Confesso que antes de ler o conto, imaginei que encontraria fortes diálogos de mulheres questionando suas próprias existências em universidades, coisa que não acontecia na época em que Virginia Woolf escreveu o conto*. Imaginei algo intenso em ações como o conto Uma Sociedade, mas como Woolf sempre me engana e eu adoro, Uma escola de mulheres vista de fora é um lampejo secreto e sem nome.
Talvez, seja por conta desses lampejos secretos e sem nome que muitas vezes comparam Virginia Woolf com Clarice Lispector, pois a escritora brasileira também colocou seus personagens nesse conflito interno de nomear momentos tão efêmeros e profundos da vida. Porém, acredito que a forma como as autoras caminham para esse fim são muito diferentes, portanto, qualquer comparação entre as duas, considero tola.
Sobre a personagem central
Angela Williams é a personagem central do conto Uma escola de mulheres vista de fora. Ela está deitada em seu quarto à espera do sono que não vem. Há outras mulheres no quarto coletivo da universidade, cada qual, enfrentando sua noite escura. Angela, ainda lida com o seu reflexo no espelho.
“Pois o espelho apresentava uma imagem que era incapaz de tremer – branca e dourada, chinelos vermelhos, cabelo claro com pedrinhas azuis, e nunca uma ruga ou sombra para interromper o prolongado beijo de Angela e seu reflexo no espelho, como se ela estivesse radiosa de ser Angela. Radioso, fosse como fosse, era o momento – o quadro reluzente pendurado no coração da noite, o santuário escavado nas trevas”.
(Uma escola de mulheres vista de fora, p, 201, Contos Completos, tradução de Leonardo Fróes)
Os detalhes da natureza
Sabemos sobre os outros quartos e suas moradoras pela descrição de seus nomes em cartões pendurados em suas portas. Assim, há um frieza, mas bonita e melancólica por conta do luar lá fora e sua descrição tão perfeitamente elaborada por Virginia Woolf. Cada vez percebo mais esse gosto da autora em detalhar a natureza, pois fica tão evidente o quanto o ambiente externo acaba transformando as situações internas e, consequentemente, atingindo as emoções das personagens.
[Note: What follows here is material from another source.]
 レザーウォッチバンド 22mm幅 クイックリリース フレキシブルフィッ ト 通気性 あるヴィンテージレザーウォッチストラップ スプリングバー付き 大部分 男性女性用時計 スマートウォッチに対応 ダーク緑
Angela, em certo momento, parece alcançar um tipo de conforto pela própria vida que leva – e sabemos tão pouco sobre a sua própria vida. Por outro lado, mesmo com a bela paisagem e a sua vida sem grandes conflitos, ela não consegue dormir.
“(…) após a negra turbulência de uma infinidade de épocas aqui estava a luz do fim do túnel; a vida; o mundo. Embaixo dela – tudo ótimo; tudo adorável. Tal foi sua descoberta.”
(p. 204)
Uma escola de mulheres vista de fora: uma crítica?
Por fim, algumas perguntas permanecem: Virginia Woolf viveu em uma época em que mulheres não ia às universidades, não seria esse conto uma crítica a algo que ela – como escritora – só podia ver de fora? O nome Angela e os outros cartões na porta dos quartos não seriam apenas a imaginação de todas as mulheres que desejavam o acesso à universidade?
Um lampejo secreto e sem nome pode ser esse impulso que fez tantas coisas mudarem para as mulheres nas últimas épocas, mas enquanto tudo não for absolutamente igual em direitos, gritos e dores serão sentido por todas aquelas que não querem ver as coisas apenas de fora, querem participar do mundo. Eu quero.
“Todas a janelas abertas, com um azul afogueado, com algo murmurando ao longe o mundo, é claro, e a manhã chegando, “Oh”, gritou ela, como se sentisse uma dor.” (p. 205)
*publicado em 1926 e que faria parte do romance O quarto de Jacob, porém, a autora decidiu não incluir.